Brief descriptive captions
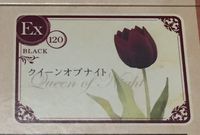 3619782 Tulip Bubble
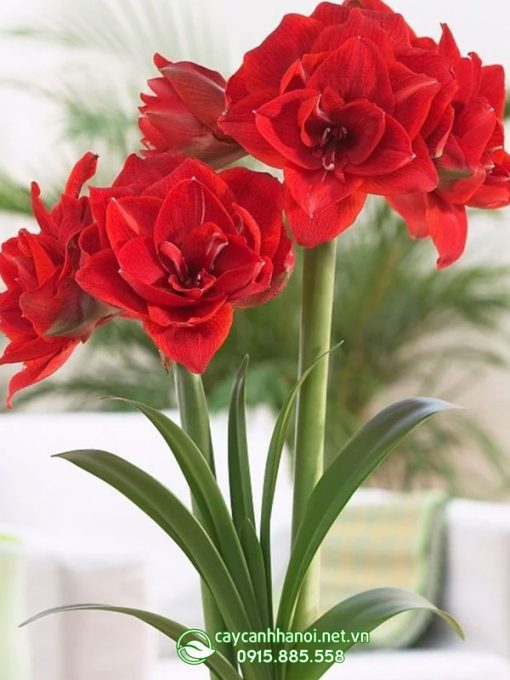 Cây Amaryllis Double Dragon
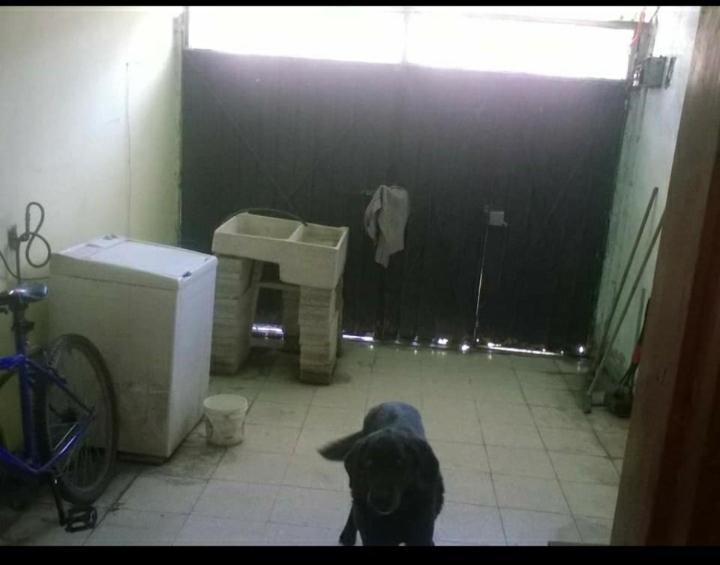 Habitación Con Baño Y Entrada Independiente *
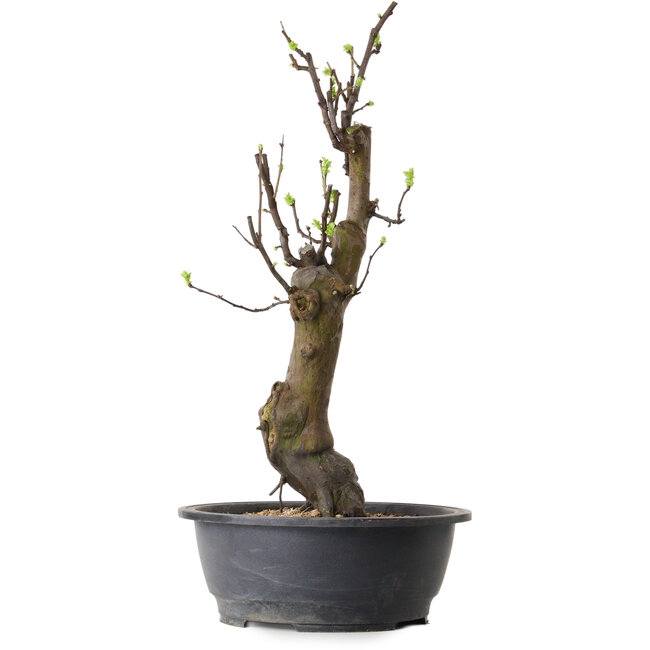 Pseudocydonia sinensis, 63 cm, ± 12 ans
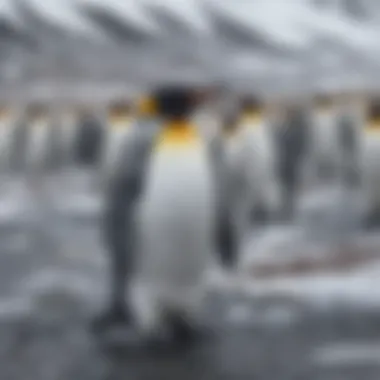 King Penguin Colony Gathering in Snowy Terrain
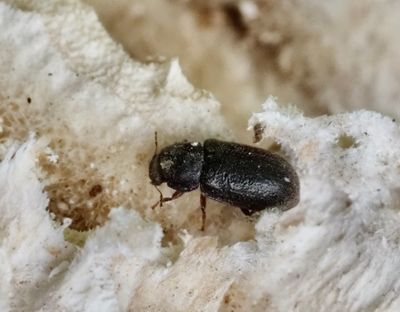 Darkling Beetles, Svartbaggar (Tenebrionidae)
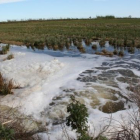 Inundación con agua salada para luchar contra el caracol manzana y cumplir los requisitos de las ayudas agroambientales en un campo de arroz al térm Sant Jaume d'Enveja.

→ **WORK INSTRUCTION**
Reproduce, word for word, the lines from the one containing "King Penguin Colony" through the final line above. Leave every picture out.

→ **REPLY TO THE EXERCISE**
 King Penguin Colony Gathering in Snowy Terrain
 Darkling Beetles, Svartbaggar (Tenebrionidae)
 Inundación con agua salada para luchar contra el caracol manzana y cumplir los requisitos de las ayudas agroambientales en un campo de arroz al térm Sant Jaume d'Enveja.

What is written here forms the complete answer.